When the need to express myself smacked against the cold hard wall of publishing pragmatism, I turned to fiction.
Creative writing is not an escape. It’s the opposite. Fiction demands that we dive headfirst into puddles of conflict others might choose to sidestep. It asks that we scratch and dig until we unearth emotional truths, and then find a way to convey them so that a reader we’ve never met can share the same journey.
With this challenge in mind, I want to share a few passages from novels whose authors’ mad skills rely on details, yes, but not facts. They are rooted in feelings. They made me pause to think, “Wow, that is so true.”
In The Trouble with Goats and Sheep by Joanna Cannon, two girls set out to find a neighbor who has gone missing. You have to love a writer who can help you see anew something as pervasive as heat.

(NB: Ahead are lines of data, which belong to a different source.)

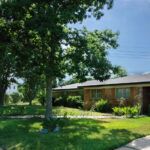 A front view of 5703 Sutherlin with a shady yard and red brick home and a red stone pathway leading to the front door.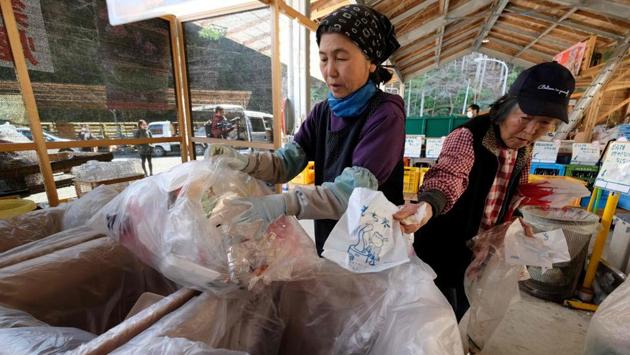 Workers sort plastic waste Kamikatsu. The remainder, like most waste in Japan, is incinerated, as the country’s mountainous terrain considered unsuitable for landfills. The nation produces less general waste per person than most developed countries, but it generates more plastic waste per capita than anywhere except the United States. (Kazuhiro Nogi / AFP) 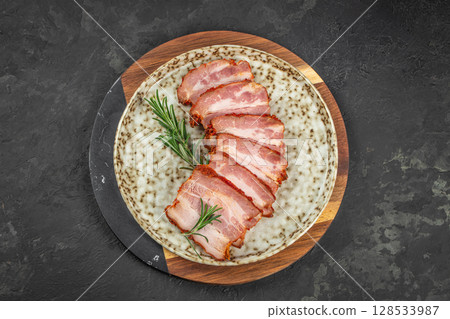 Sliced smoked pork belly arranged on a speckled ceramic plate with fresh rosemary garnish, showcasing rich marbling and savory crust Sliced smoked pork belly arranged on a speckled ceramic plate with fresh rosemary garnish, showcasing rich marbling and savory crust 128533987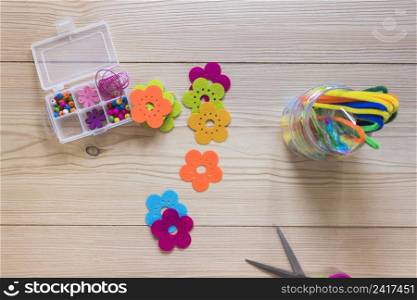 colorful flower patch chenille stems beads box wooden backdrop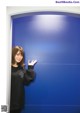 A woman standing in front of a blue wall with a sign that says Bay FM 78.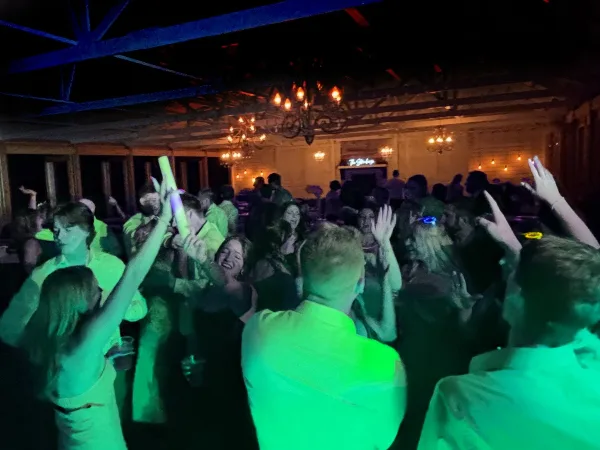 Wedding guests dancing on a crowded dance floor under green and blue event lighting in a venue with chandeliers.
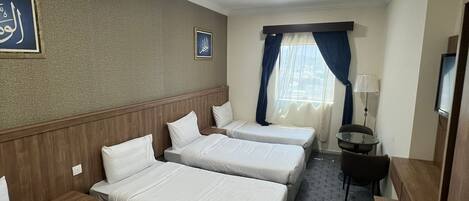 Una habitación de hotel con tres camas individuales, una mesita pequeña, una lámpara y un televisor.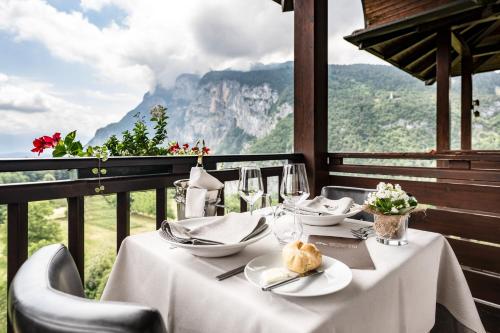 a table with a white table cloth and wine glasses at Hotel Arcobaleno in Fai della Paganella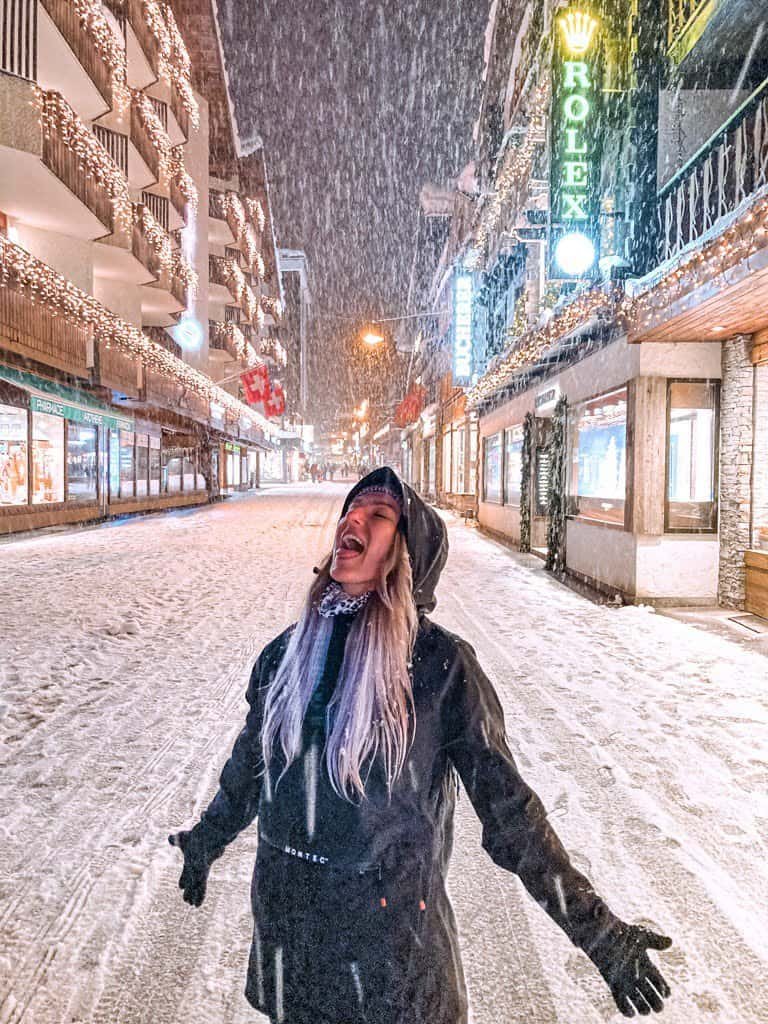 A women catching snowflakes on Zermatt high street.
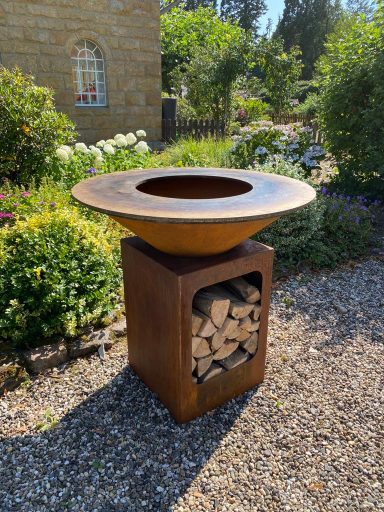 Plancha Grill 1000 mm Moderne Feuerschale aus Metall auf quadratischem Holzständer im Garten.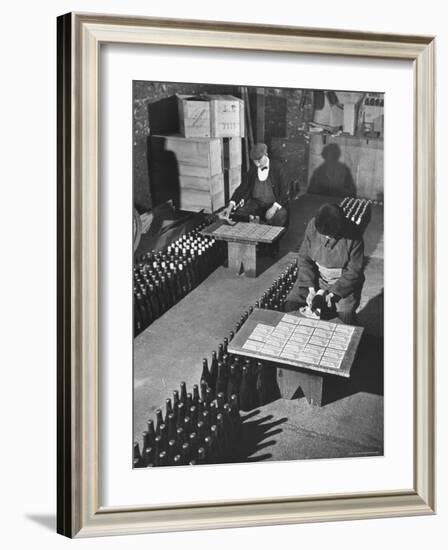 Men Putting Labels on Wine Bottles-Ralph Morse-Framed Photographic Print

There was nowhere to escape the heat. It was there every day when we woke, persistent and unbroken, and hanging in the air like an unfinished argument. It leaked people’s days onto pavements and patios and, no longer able to contain ourselves within brick and cement, we melted into the outside, bringing our lives along with us. Meals, conversations, arguments were all woken and untethered and allowed outdoors. Even the avenue itself had changed. Giant fissures opened on yellowed lawns and paths felt soft and unsteady. Things which had been solid and reliable were now pliant and uncertain. Nothing felt sure anymore. The bonds which held things together were destroyed by the temperature—this is what my father said—but it felt more sinister than that. It felt as though the whole avenue was shifting and stretching, and trying to escape itself.